# PROVIDED RECORDS:
BEGIN
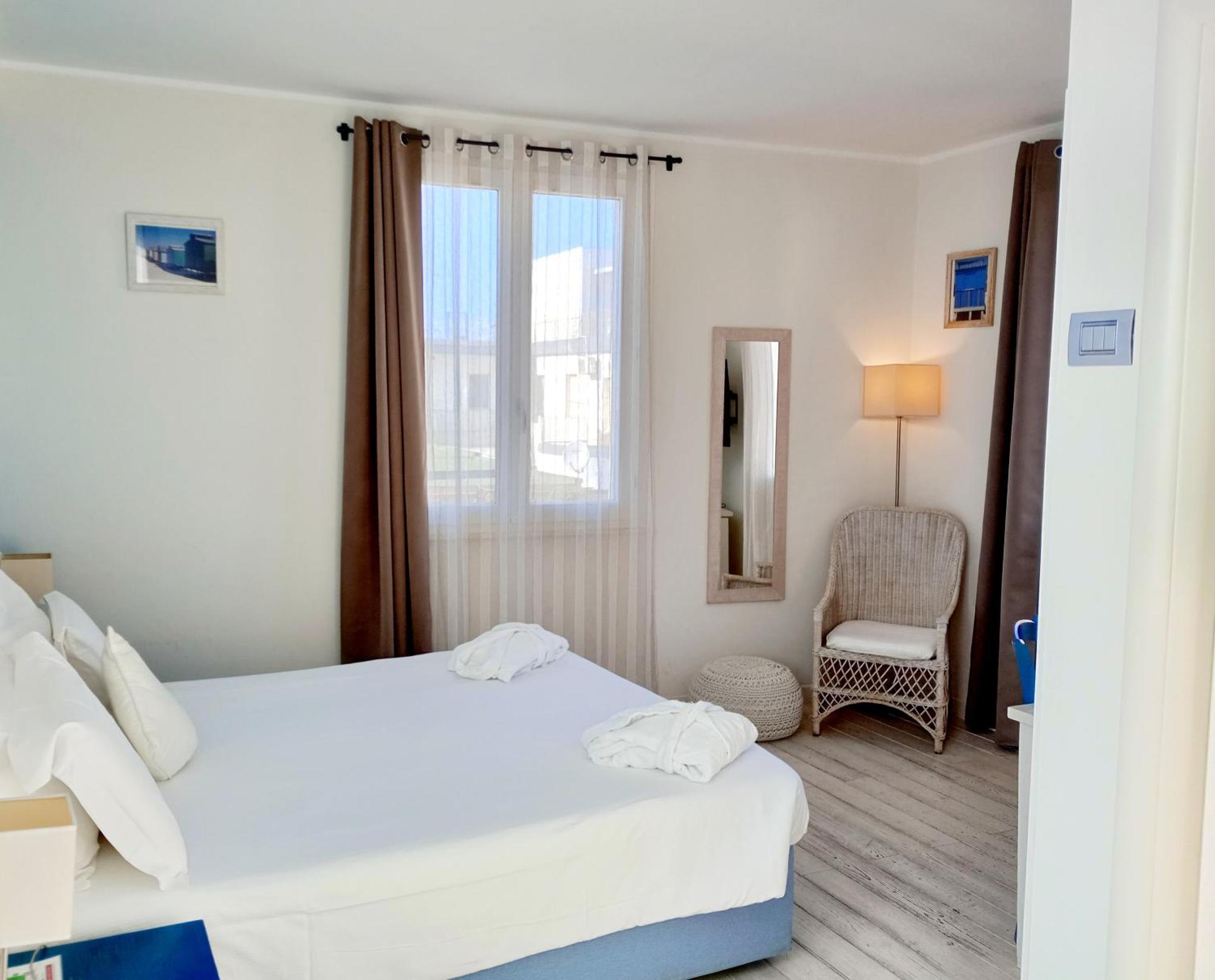 Hotel La Villa Del Mare 칼리아리 외부 사진
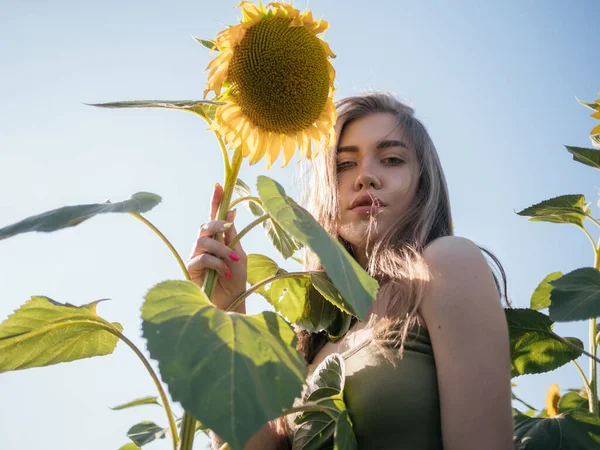 Vacker Ung Kvinna Med Långt Hår Poserar Med Solros Händerna — Stockfoto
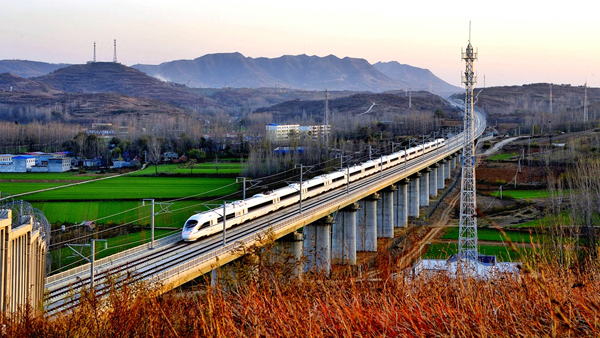 《高铁从我家乡过》李涛13503415957 .jpeg 《高铁从我家乡过》李涛13503415957 .jpeg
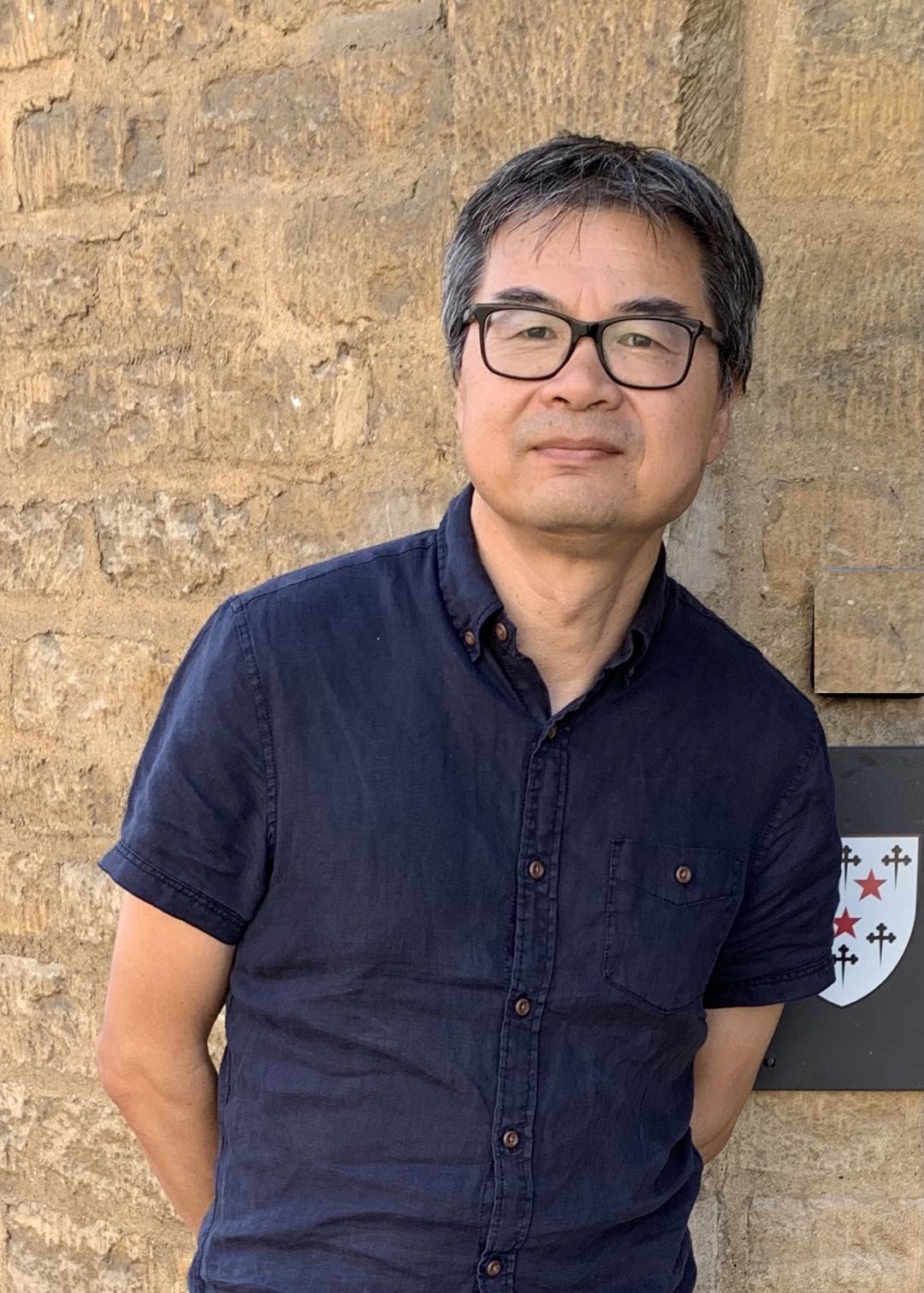 欧冠官方网站创新论坛第一千三百二十三讲暨120周年校庆年系列活动：AI for Good：为心理健康和福祉应用寻找美丽和快乐的图像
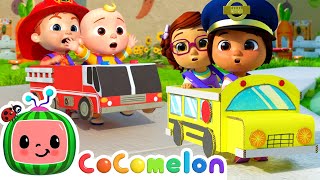 Nina Wheels On The Bus VS Baby JJ Firetruck! | Colors \& Play | CoComelon Nursery Rhymes \& Kids Songs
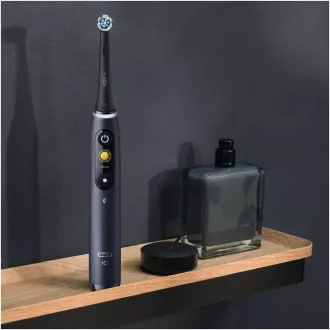 Elektrische Zahnbürste Oral-B iO8 Black Onyx, magnetisch, 6 Betriebsarten, Timer, Drucksensor, Etui, schwarz
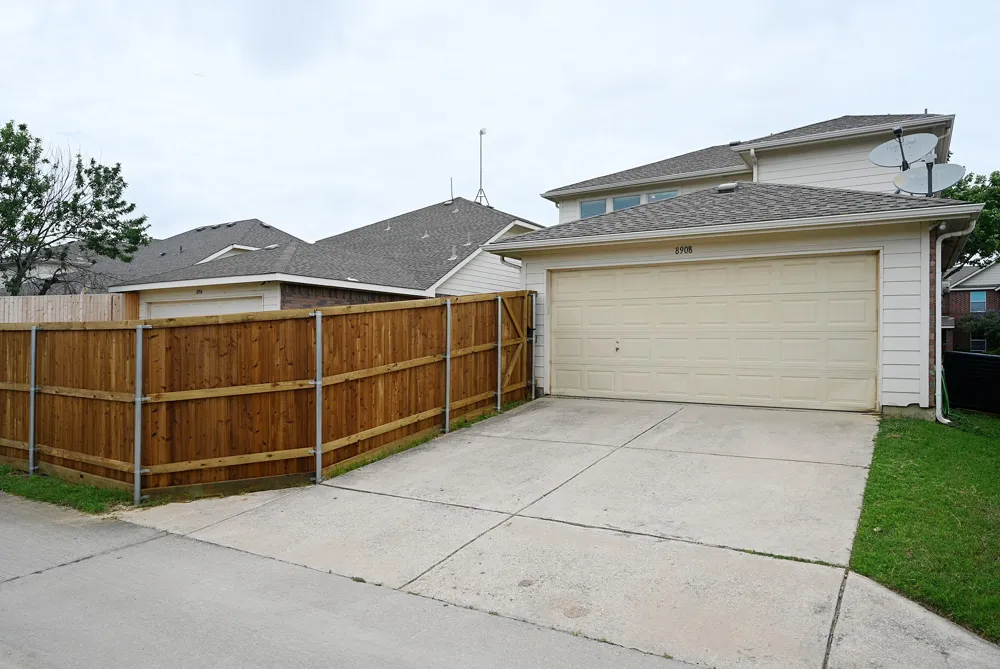 8908 Stewart Street Cross Roads, TX 76227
END
This exercise calls for the complete listing, returned exactly and without images.

 Hotel La Villa Del Mare 칼리아리 외부 사진
 Vacker Ung Kvinna Med Långt Hår Poserar Med Solros Händerna — Stockfoto
 《高铁从我家乡过》李涛13503415957 .jpeg 《高铁从我家乡过》李涛13503415957 .jpeg
 欧冠官方网站创新论坛第一千三百二十三讲暨120周年校庆年系列活动：AI for Good：为心理健康和福祉应用寻找美丽和快乐的图像
 Nina Wheels On The Bus VS Baby JJ Firetruck! | Colors \& Play | CoComelon Nursery Rhymes \& Kids Songs
 Elektrische Zahnbürste Oral-B iO8 Black Onyx, magnetisch, 6 Betriebsarten, Timer, Drucksensor, Etui, schwarz
 8908 Stewart Street Cross Roads, TX 76227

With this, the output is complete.